- What the task asks -
From the records below, print exactly the lines starting at the one containing "Charter Club Tan" and ending at the one containing "Top Coat DESI – Capa Final para Uñas 12 mL", ends included, and nothing else.

- Provided entries -
=== Begin Enclosure ===
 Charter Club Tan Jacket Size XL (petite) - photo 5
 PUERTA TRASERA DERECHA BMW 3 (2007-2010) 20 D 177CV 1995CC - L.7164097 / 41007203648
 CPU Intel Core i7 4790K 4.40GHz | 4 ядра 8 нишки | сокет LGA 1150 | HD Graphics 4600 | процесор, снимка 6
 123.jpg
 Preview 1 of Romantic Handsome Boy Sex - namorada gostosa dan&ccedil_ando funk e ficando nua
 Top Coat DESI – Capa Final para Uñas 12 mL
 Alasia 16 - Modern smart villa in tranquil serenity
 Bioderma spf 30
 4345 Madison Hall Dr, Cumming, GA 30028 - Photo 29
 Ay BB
=== End Enclosure ===
=== Begin Enclosure ===
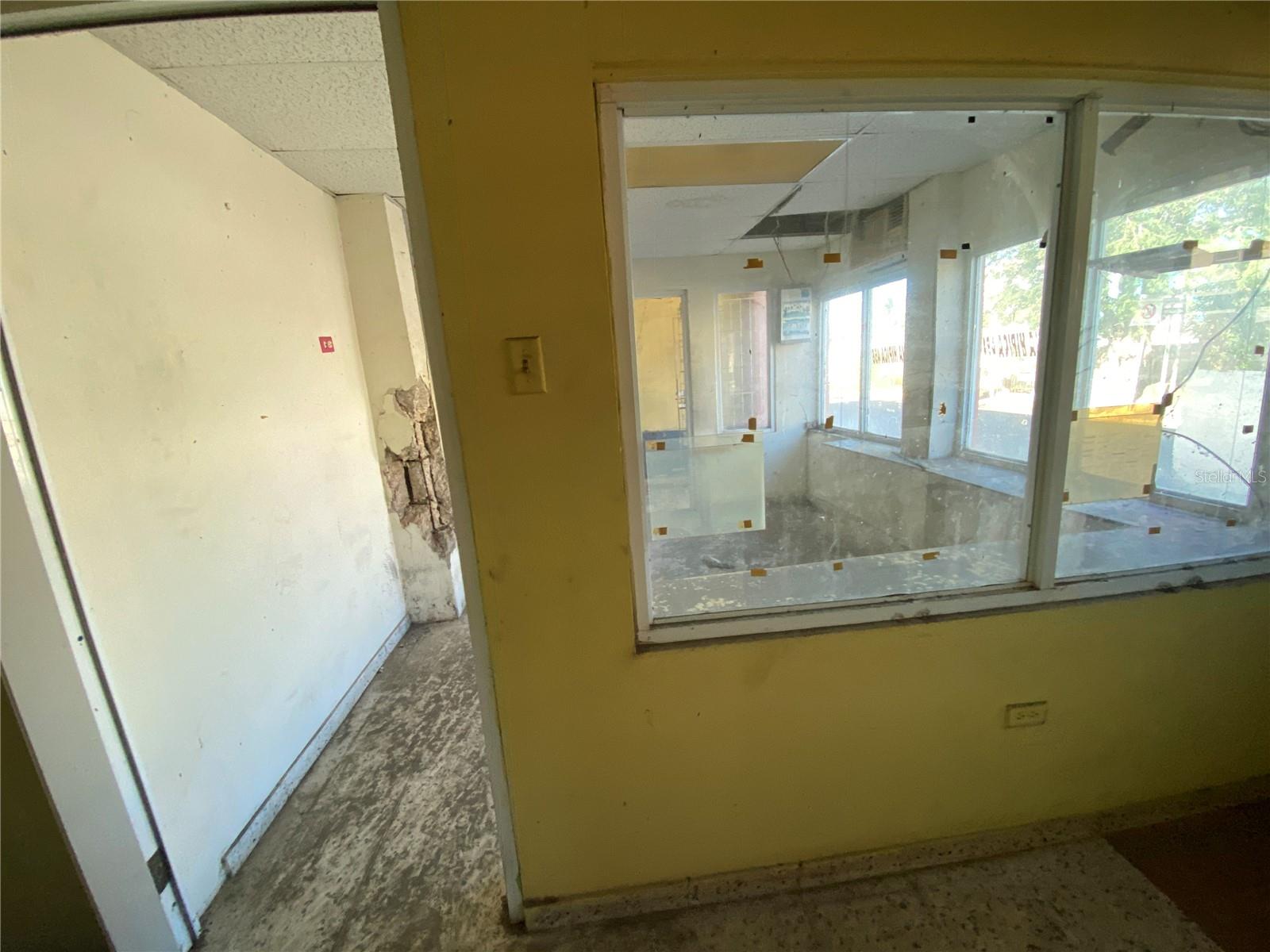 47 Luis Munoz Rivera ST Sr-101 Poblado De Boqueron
=== End Enclosure ===
=== Begin Enclosure ===
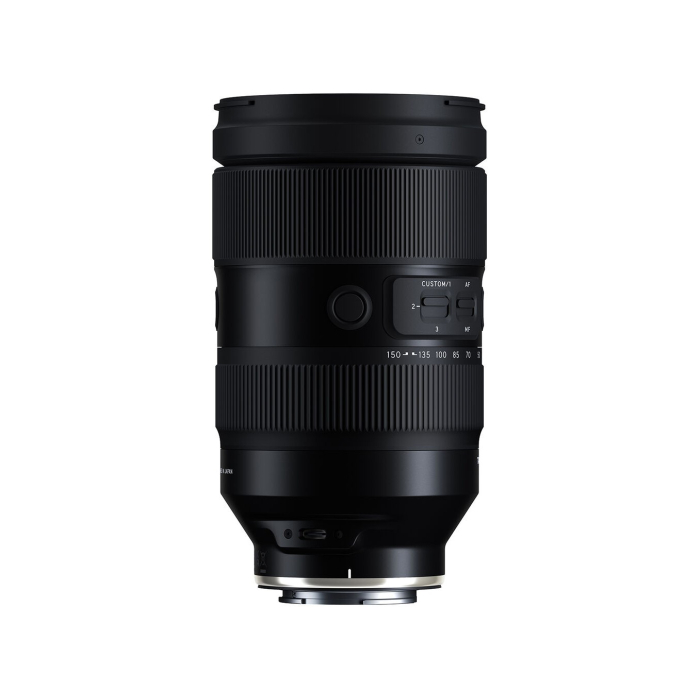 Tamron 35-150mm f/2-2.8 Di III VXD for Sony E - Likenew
=== End Enclosure ===
- Problem solution -
 Charter Club Tan Jacket Size XL (petite) - photo 5
 PUERTA TRASERA DERECHA BMW 3 (2007-2010) 20 D 177CV 1995CC - L.7164097 / 41007203648
 CPU Intel Core i7 4790K 4.40GHz | 4 ядра 8 нишки | сокет LGA 1150 | HD Graphics 4600 | процесор, снимка 6
 123.jpg
 Preview 1 of Romantic Handsome Boy Sex - namorada gostosa dan&ccedil_ando funk e ficando nua
 Top Coat DESI – Capa Final para Uñas 12 mL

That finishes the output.